The present invention provides a simple, convenient way to transfer liquid from a glass ampule to a container, such as a vial, in a manner which can help reduce errors in the amount of liquid transferred to the container, which is more sterile, quicker and easier than in the past.
The device includes an ampule body defining a collapsible, substantially air-tight ampule region within which the ampule is housed. The ampule body is preferably a telescoping body which collapses when one part is threaded onto the other part. This collapse of the telescoping members increases the pressure within the region housing the ampule. The ampule body is broken within the ampule region. This typically occurs at the end of the collapsing of the telescoping members by snapping off the tip of the ampule and breaking the base of the ampule.
When the device is used with a vial as the container, the device includes a vial body mounted to the ampule body. A vial is mounted to a vial body and has a vial spike passing through the septum of the vial. The ampule body and the vial body defines a flow path between the vial spike and the ampule region. Once the flow path is open, the liquid from the ampule within the ampule region flows along the flow path and into the vial because of the elevated pressure created within the ampule region.
A final movement of the telescoping parts of the ampule body is preferably accomplished using a threaded connection.
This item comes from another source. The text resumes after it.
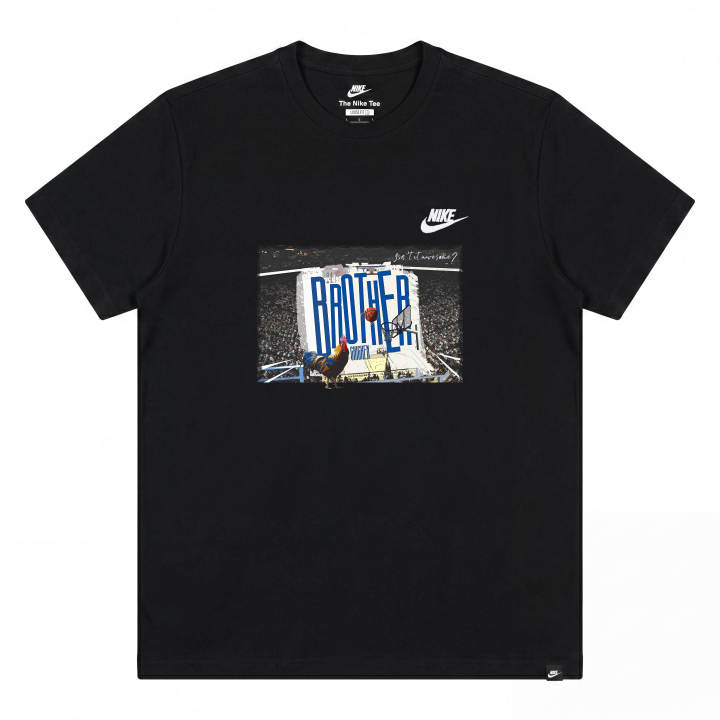 Nike Nike Sportswear T Shirts Unisex Black Crew Neck Moderate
Through this rotary movement the tip of the ampule can be engaged by an eccentric member mounted to one of the telescoping parts which provides a lateral force to the tip, thus causing the tip to break away from the base of the ampule. Also, during the final telescoping movement of the two parts, the base of the ampule can be broken by driving the base of the ampule onto a post extending from the other of the telescoping parts.
The flow path between the ampule region in the ampule body and the interior of the vial preferably has a one-way check valve to permit fluid flow to pass from the ampule region into the vial but not the reverse. Also, a syringe access device can be used to permit fluid access to a position along the flow path between the check valve and the vial. This permits the user to withdraw a pharmaceutical within the vial without removing the vial from the device.
Other features and advantages of the invention will appear from the following description in which the preferred embodiment has been set forth in detail in conjunction with the accompanying drawings.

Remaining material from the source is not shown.